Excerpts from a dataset
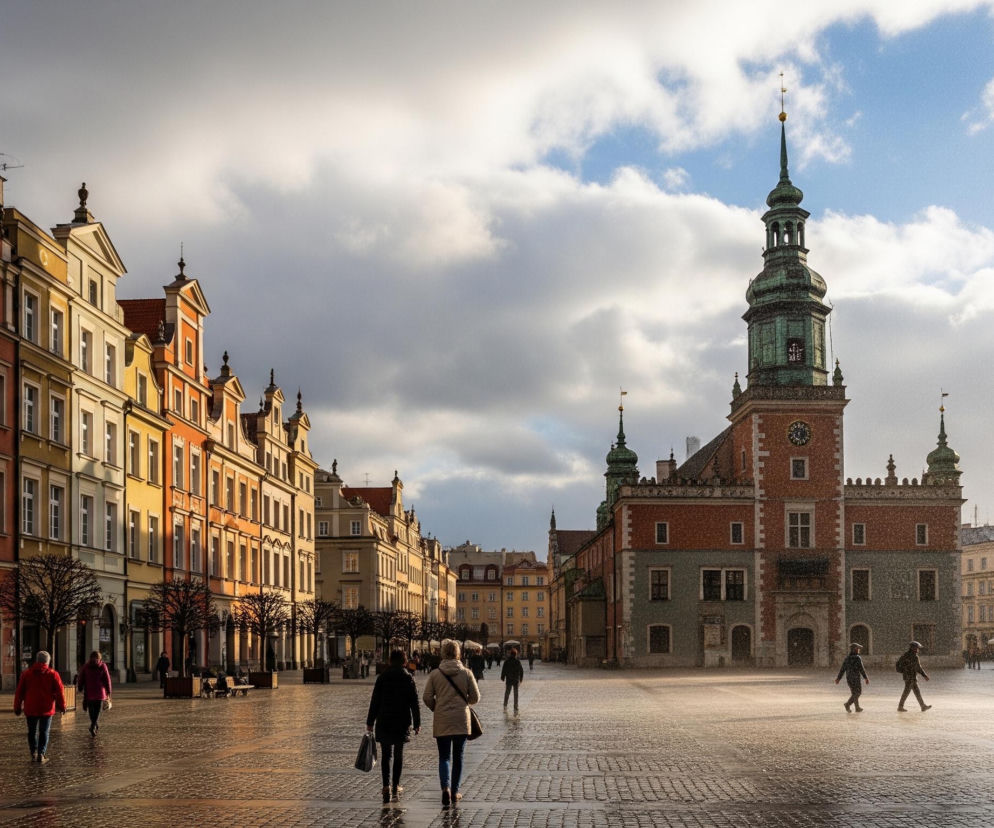 Rynek miejski z zabytkowymi kamienicami po lewej stronie i ratuszem po prawej, wszystko oświetlone ciepłym światłem słonecznym przebijającym się przez chmury. Brukowany plac, mokry od deszczu lub niedawnych opadów, odbija światło, tworząc refleksy. Po placu idzie kilka osób ubranych w jesienne lub zimowe ubrania, a bezlistne drzewa stoją wzdłuż kamienic, dodając do sceny zimową atmosferę.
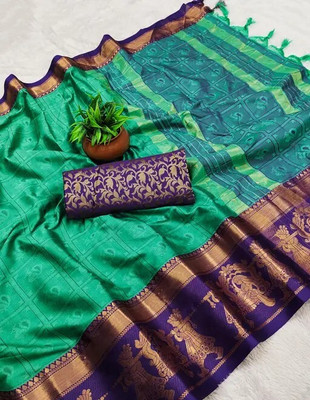 FashionPallavi Woven Dharmavaram Cotton Silk, Jacquard Saree(Multicolor)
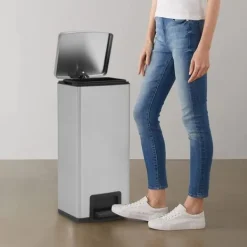 vidaXL Soptunna med pedal anti-fingeravtryck 30L rostfritt stål Silver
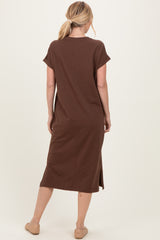 Brown Pocket Front Midi T-Shirt Dress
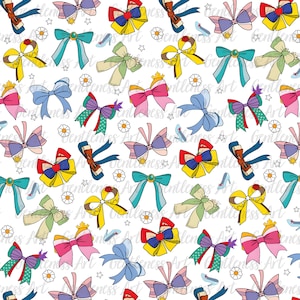 Bloemenpatroon prinses magische muis, magische wereld prinses lentepatroon, retro patroon, stof sublimatie digitaal downloadbestand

INSTRUCTIONS FOR THE TASK: With the pictures stripped out, return each record word for word.

ANSWER BELOW:
 Rynek miejski z zabytkowymi kamienicami po lewej stronie i ratuszem po prawej, wszystko oświetlone ciepłym światłem słonecznym przebijającym się przez chmury. Brukowany plac, mokry od deszczu lub niedawnych opadów, odbija światło, tworząc refleksy. Po placu idzie kilka osób ubranych w jesienne lub zimowe ubrania, a bezlistne drzewa stoją wzdłuż kamienic, dodając do sceny zimową atmosferę.
 FashionPallavi Woven Dharmavaram Cotton Silk, Jacquard Saree(Multicolor)
 vidaXL Soptunna med pedal anti-fingeravtryck 30L rostfritt stål Silver
 Brown Pocket Front Midi T-Shirt Dress
 Bloemenpatroon prinses magische muis, magische wereld prinses lentepatroon, retro patroon, stof sublimatie digitaal downloadbestand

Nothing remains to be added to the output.